Everything from the line holding "feeding time for" through the last line of the data, and nothing else, should be retyped exactly, with no pictures.
*** Opening RECORDS FOR THIS TASK ***
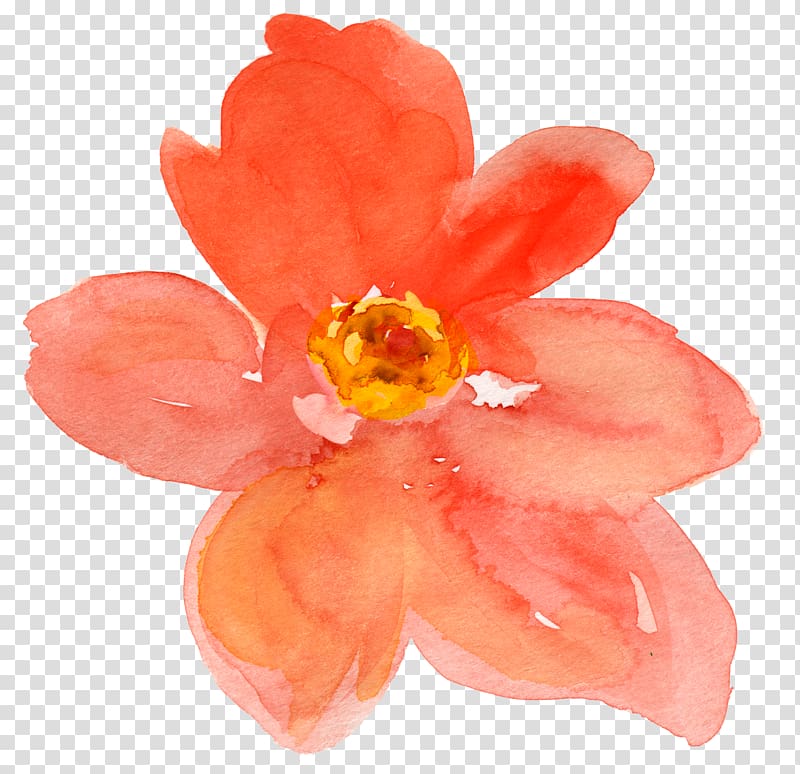 orange petaled flower, Watercolor painting Flower Drawing , peach flower transparent background PNG clipart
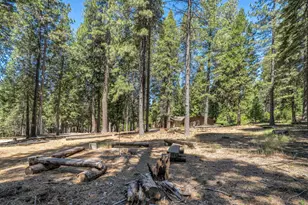 27879 State Hwy 88, Pioneer, CA 95666 - Photo 51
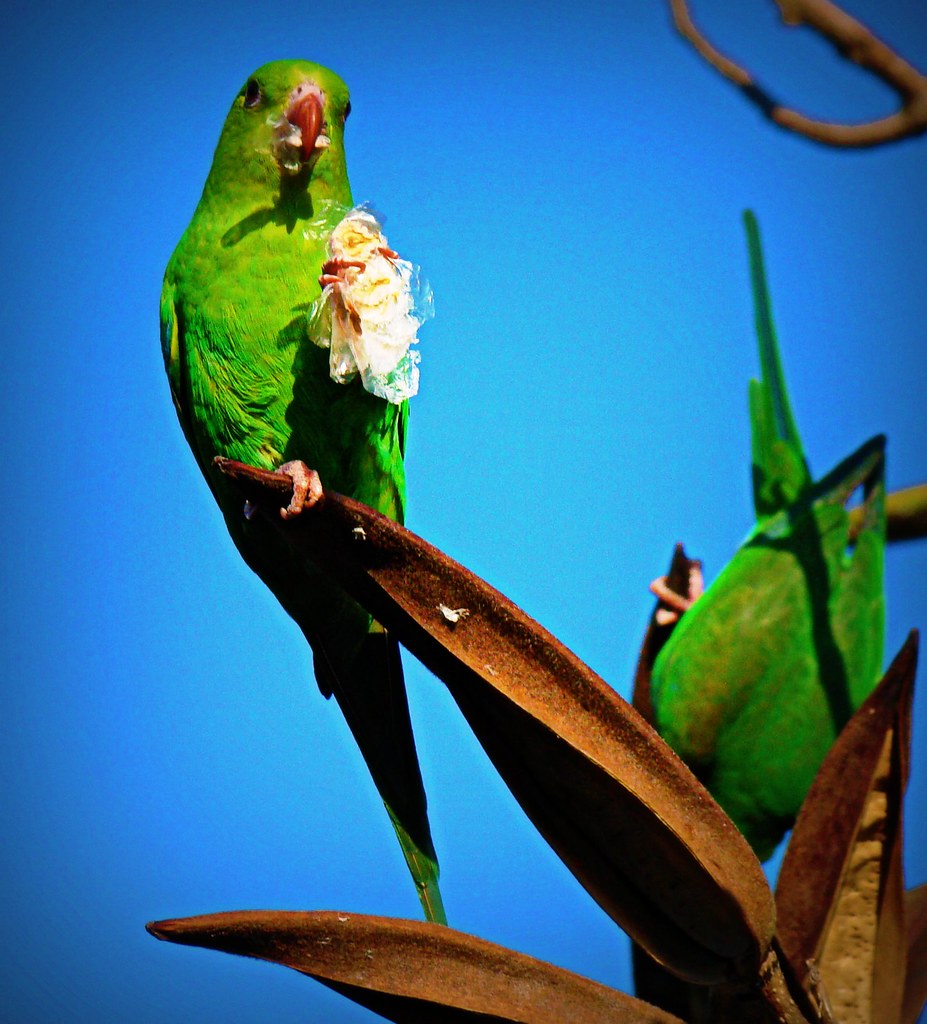 Periquito - Maritaca - the Yellow-chevroned Parakeet (Brotogeris chiriri chiriri) - eating spathodea seeds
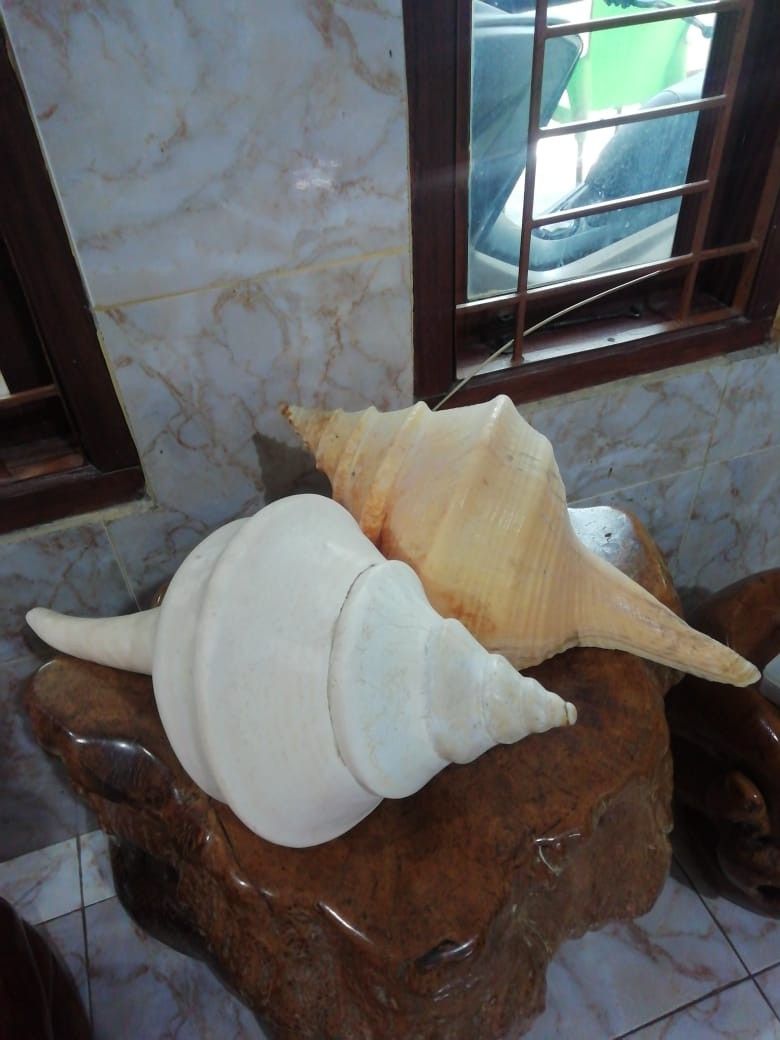 Keong emas ukuran cukup besar on Carousell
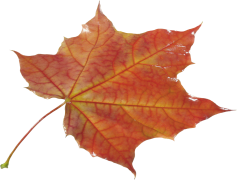 Vector Autumn Leaf, Rustic Charm, Vibrant Hues, Botanical Style, Nature Element PNG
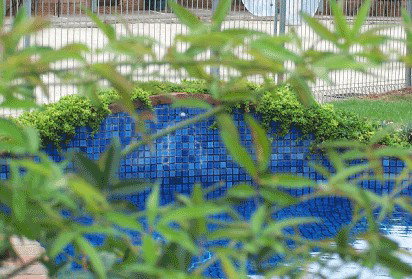 Arcadia Motor Inn - Darwin Holiday 4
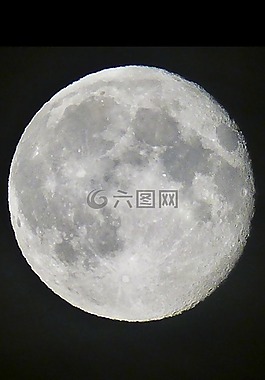 滿月,月亮,夜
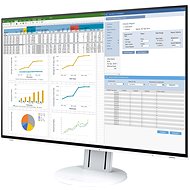 24" EIZO FlexScan EV2457-WT - LCD monitor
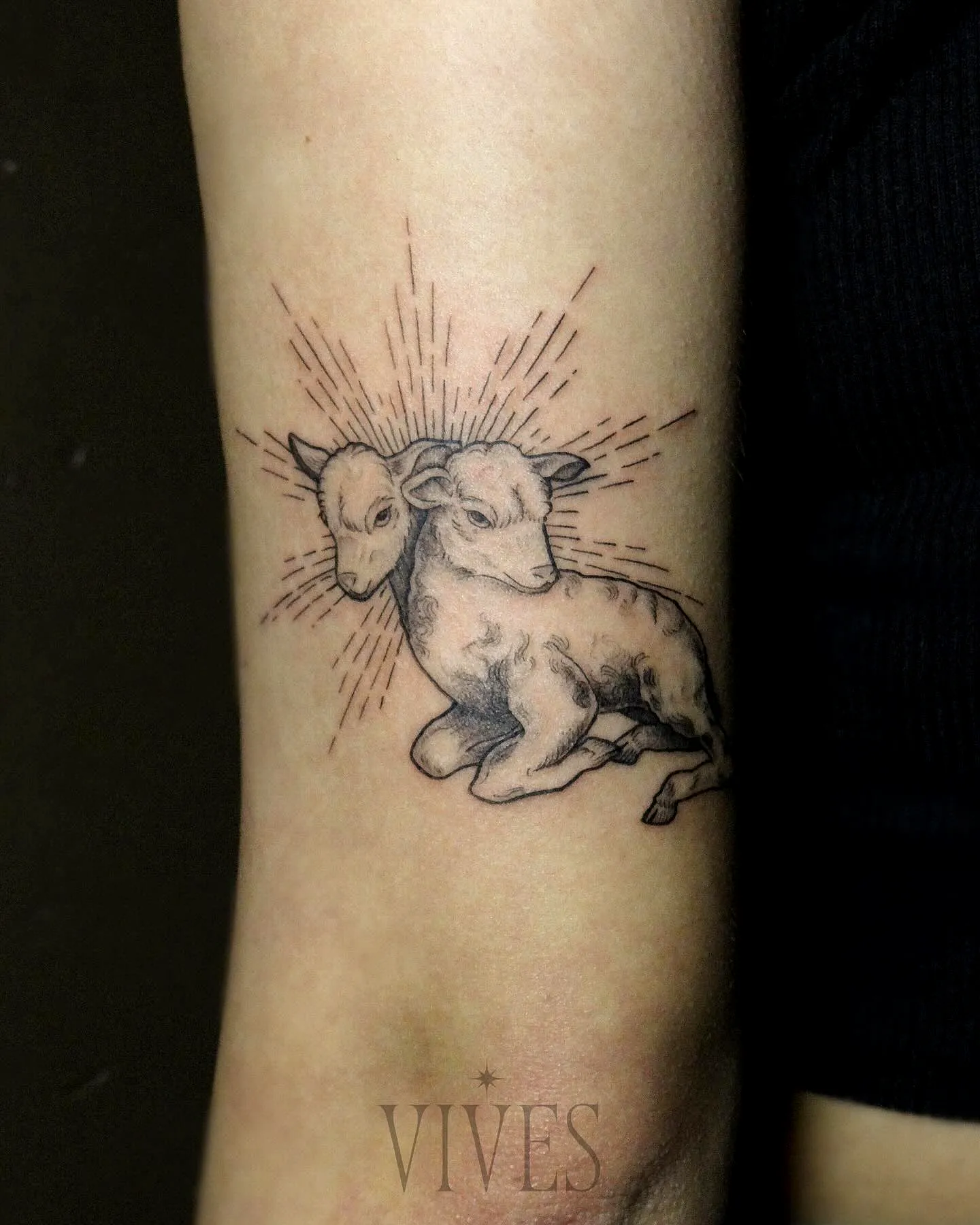 Realistic Lambs Calves Tattoo
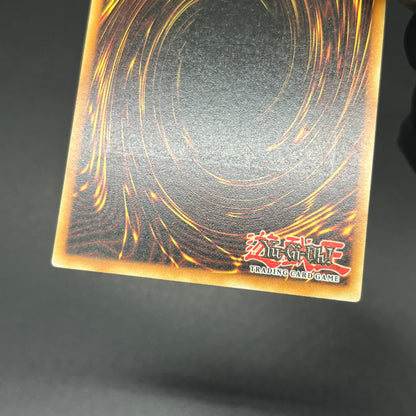 遊戯王　闇の護封剣/レリーフ/ドイツ語/EU版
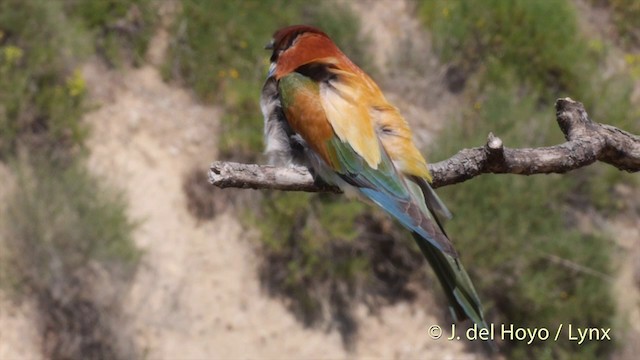 European Bee-eater - ML201423751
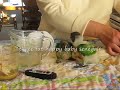 feeding time for 5 week old baby senegal parrots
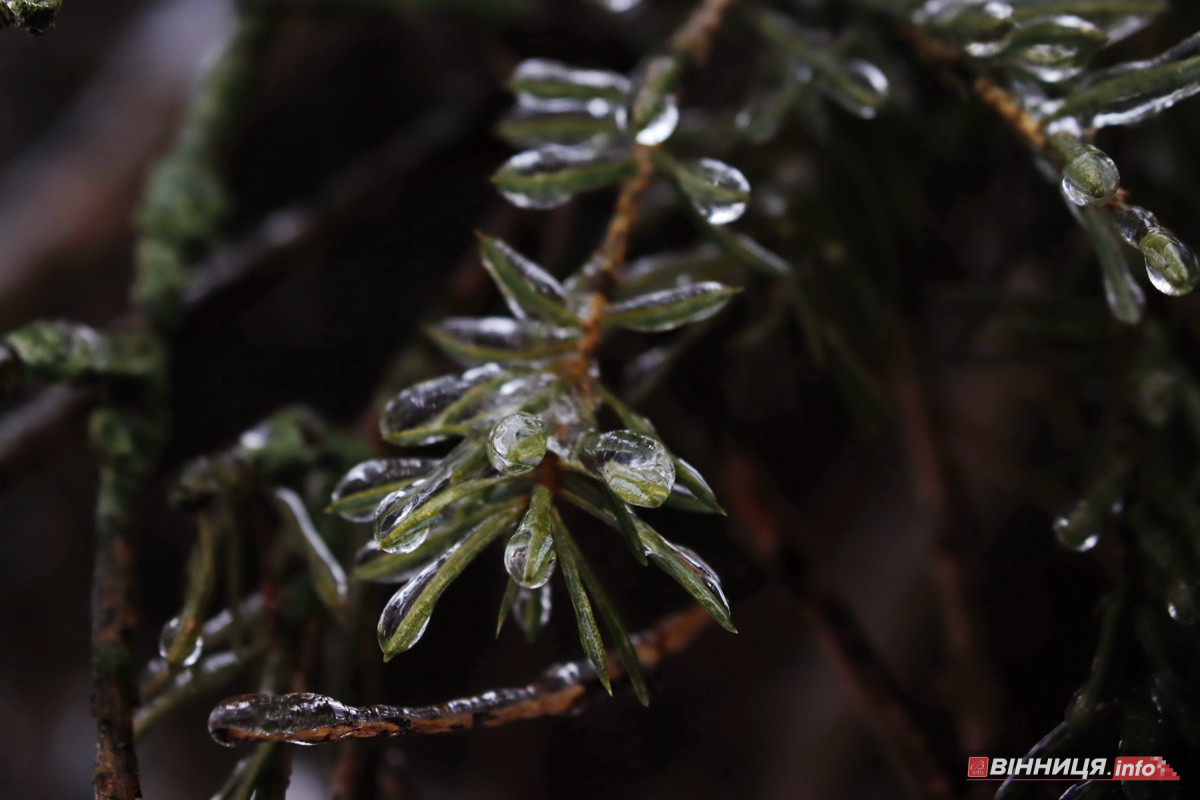 Ожеледиця у Вінниці: спецтехніка на дорогах та поради, як уникнути травмувань - фото 19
*** Closing RECORDS FOR THIS TASK ***
# EXPECTED ANSWER:
 feeding time for 5 week old baby senegal parrots
 Ожеледиця у Вінниці: спецтехніка на дорогах та поради, як уникнути травмувань - фото 19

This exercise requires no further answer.